12. The biological sample testing system of claim 5, wherein the cleaning area comprises two or more discrete cleaning units fluidically separate from one another.

13. The biological sample testing system of claim 7, wherein the controller is a software control module.

14. The biological sample testing system of claim 7, wherein the manipulator assembly comprises an automated micro- or nano-positioner; and

wherein the controller is configured to automatically control:

manipulation of the aperture of the testing implement into contact with a first biological sample target of the biological sample targets;

after the test, manipulation of the testing implement to the cleaning area;

after cleaning, manipulation of the testing implement to the sample area;

manipulation of the aperture of the testing implement into contact with a second biological sample target of the biological sample targets, the second biological sample target different than the first biological sample target; and

after the test, manipulation of the testing implement to the cleaning area.

15. The biological sample testing system of claim 13, wherein the controller further comprises hardware embedded with the software control module.

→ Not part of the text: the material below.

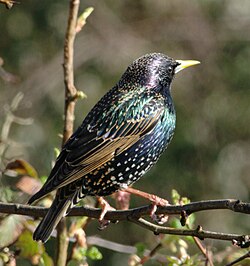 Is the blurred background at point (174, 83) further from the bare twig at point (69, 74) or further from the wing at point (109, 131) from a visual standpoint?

16. The biological sample testing system of claim 14, wherein the test of the first biological sample target and the test of the second biological sample target are separately selected from the group consisting of successfully testing at least one characteristic and unsuccessfully testing at least one characteristic.

17. A method of biological sample testing comprising:

manipulating an apertured surface to and from a sample area and a cleaning area;

controlling the apertured surface through the sample area, which is configured to contain biological sample targets; and

re-using the apertured surface with at least two different biological sample targets.

18. The method of claim 17, wherein controlling the apertured surface through the sample area comprises:

contacting the apertured surface with a first biological sample target of the biological sample targets; and

testing for at least one characteristic of the first biological sample target; and

wherein re-using the apertured surface comprises:

cleaning remnants of the tested biological sample target from the apertured surface; and

contacting the apertured surface with a second biological sample target of the biological sample targets;

wherein at least one characteristic of the tested biological sample targets is selected from the group consisting of an electrical activity, a molecular activity, a drug screening property, biological sample target type, a biophysical property, a morphological property and a genetic property.

19. The method of claim 18, cleaning remnants of the tested biological sample target from the apertured surface comprises:

applying from negative to positive pressures relative to atmosphere to draw toward and expel from the apertured surface at least a portion of cleaning solution in the cleaning area; and

drawing a volume of cleaning solution into apertured surface sufficient to clean remnants of the tested sample target located at and beyond the apertured surface.

20. The method of claim 19 further comprising automating the steps of the method via one or more output signals from a microprocessor executing commands in response to one or more input signals;

wherein the microprocessor executes instructions stored in a memory that, when executed by the microprocessor, control the microprocessor to execute the commands.